Data items
---
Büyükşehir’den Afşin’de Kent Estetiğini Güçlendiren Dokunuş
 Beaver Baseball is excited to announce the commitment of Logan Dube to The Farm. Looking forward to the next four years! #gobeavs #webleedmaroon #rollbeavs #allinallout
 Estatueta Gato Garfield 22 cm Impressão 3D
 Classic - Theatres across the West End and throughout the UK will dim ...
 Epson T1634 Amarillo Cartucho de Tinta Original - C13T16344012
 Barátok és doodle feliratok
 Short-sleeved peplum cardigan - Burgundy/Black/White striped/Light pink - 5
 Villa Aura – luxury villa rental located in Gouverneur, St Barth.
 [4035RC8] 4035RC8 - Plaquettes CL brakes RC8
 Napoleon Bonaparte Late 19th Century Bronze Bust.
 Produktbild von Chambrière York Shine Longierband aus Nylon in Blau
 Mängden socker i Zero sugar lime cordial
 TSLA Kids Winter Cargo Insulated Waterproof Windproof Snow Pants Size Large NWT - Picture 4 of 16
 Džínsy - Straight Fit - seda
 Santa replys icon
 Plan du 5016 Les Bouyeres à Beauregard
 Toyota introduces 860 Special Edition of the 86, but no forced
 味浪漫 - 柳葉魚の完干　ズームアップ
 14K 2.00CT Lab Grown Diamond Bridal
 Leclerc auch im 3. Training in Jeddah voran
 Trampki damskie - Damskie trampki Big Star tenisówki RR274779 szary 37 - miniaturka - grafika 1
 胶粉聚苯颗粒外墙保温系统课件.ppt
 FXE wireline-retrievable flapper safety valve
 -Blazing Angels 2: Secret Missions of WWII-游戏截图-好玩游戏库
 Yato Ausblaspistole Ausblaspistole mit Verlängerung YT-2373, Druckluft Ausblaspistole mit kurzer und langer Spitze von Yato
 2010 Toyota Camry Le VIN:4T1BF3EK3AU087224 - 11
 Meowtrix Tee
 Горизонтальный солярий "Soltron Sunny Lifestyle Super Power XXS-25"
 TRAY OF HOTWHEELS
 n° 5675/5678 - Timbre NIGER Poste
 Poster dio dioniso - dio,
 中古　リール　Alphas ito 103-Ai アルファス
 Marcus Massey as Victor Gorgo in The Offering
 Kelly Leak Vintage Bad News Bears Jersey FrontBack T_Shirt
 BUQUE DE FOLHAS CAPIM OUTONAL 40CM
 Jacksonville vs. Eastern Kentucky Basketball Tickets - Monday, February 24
---
## Task objective
Every line containing the string "Toyota" is required; copy each such line from the data.

## Written solution
 Toyota introduces 860 Special Edition of the 86, but no forced
 2010 Toyota Camry Le VIN:4T1BF3EK3AU087224 - 11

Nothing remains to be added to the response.